§ **What the task asks**
Exactly the lines from the one with "White/Black/Red Fila big kids\' Grant Hill 2" through the end of the data below must be set down, and no pictures with them.

§ **Entries provided**
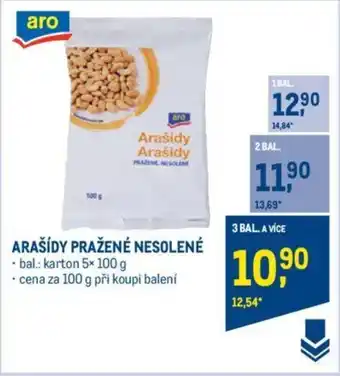 Makro ARAŠÍDY PRAŽENÉ NESOLENÉ nabídka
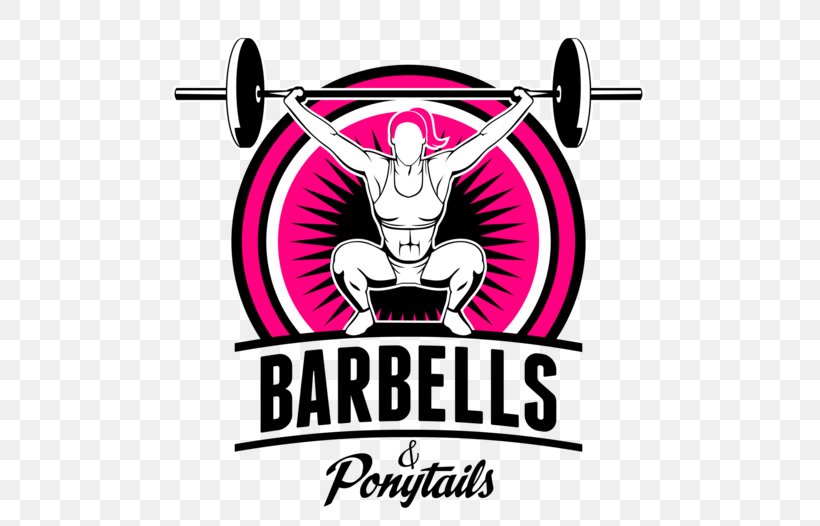 Barbells & Ponytails Exercise Physical Fitness Fitness Centre, PNG, 500x526px, Barbell, Area, Art, Brand, Crossfit Download Free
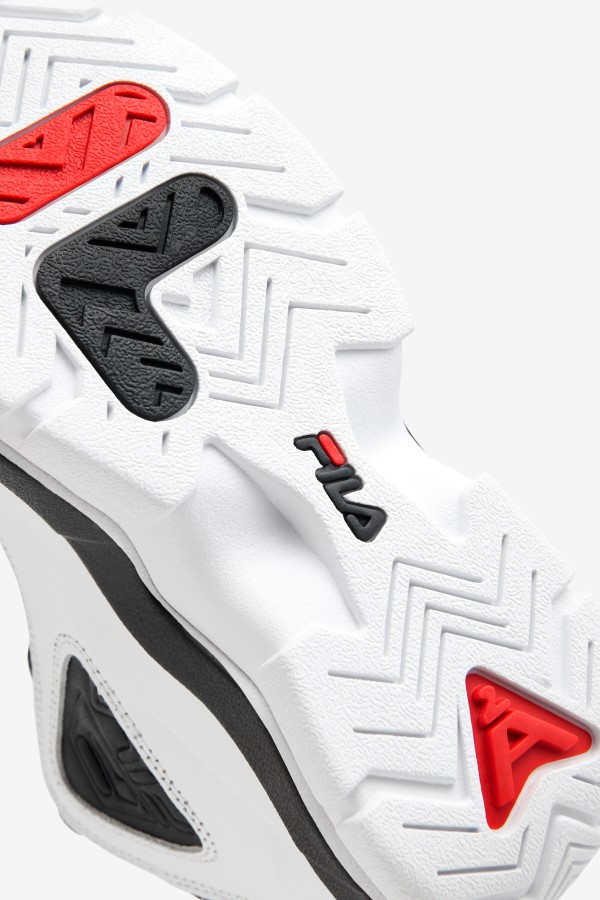 White/Black/Red Fila big kids\' Grant Hill 2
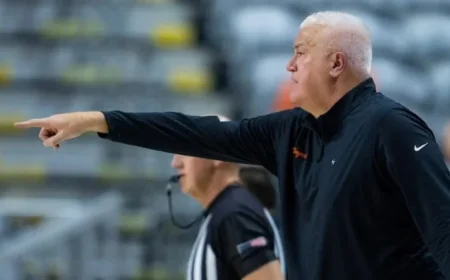 Wayne Tinkle as Oregon State Moves On: the Last Stand Playing Out in Las Vegas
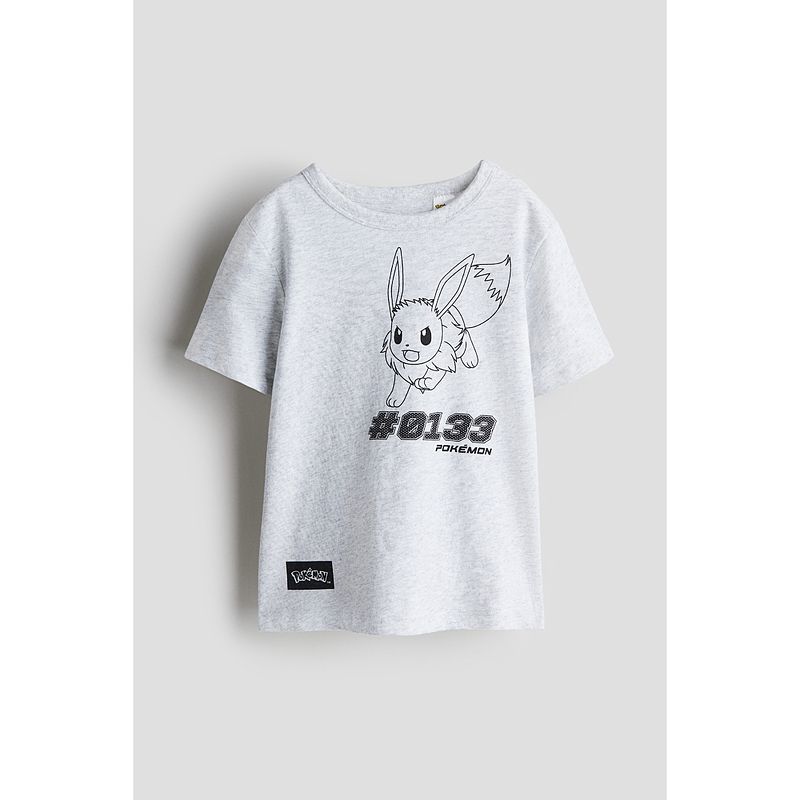 

[Серия Покемон] Детская одежда HM Футболка для мальчиков 2025 Осень Новое поступление Хлопок Короткий рукав Топы 1117462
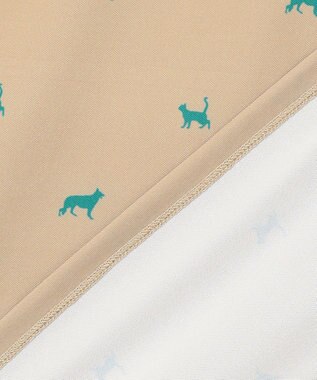 PW CIRCULUS 【MEN】【ストレッチ】アニマルプリント カノコ ポロシャツ ベージュ系5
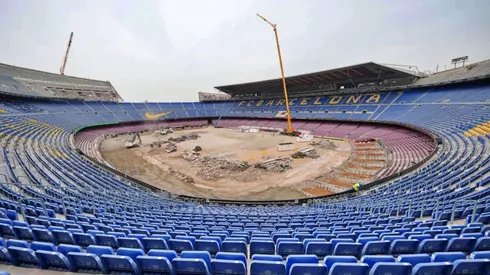El nuevo Camp Nou comienza a tomar forma.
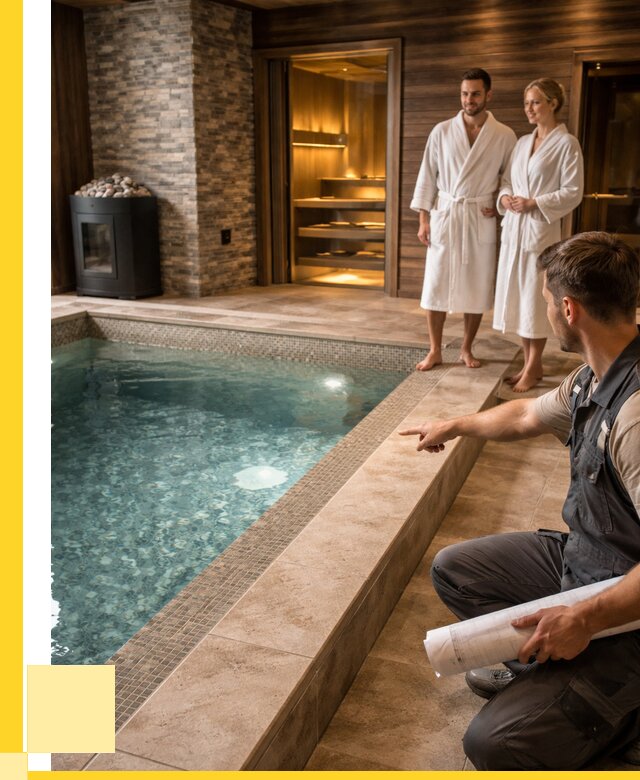 Проект бани с бассейном под ключ в Солнечногорске от 67652 р. | ЭриданСлн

§ **Answer section**
 White/Black/Red Fila big kids\' Grant Hill 2
 Wayne Tinkle as Oregon State Moves On: the Last Stand Playing Out in Las Vegas

[Серия Покемон] Детская одежда HM Футболка для мальчиков 2025 Осень Новое поступление Хлопок Короткий рукав Топы 1117462
 PW CIRCULUS 【MEN】【ストレッチ】アニマルプリント カノコ ポロシャツ ベージュ系5
El nuevo Camp Nou comienza a tomar forma.
 Проект бани с бассейном под ключ в Солнечногорске от 67652 р. | ЭриданСлн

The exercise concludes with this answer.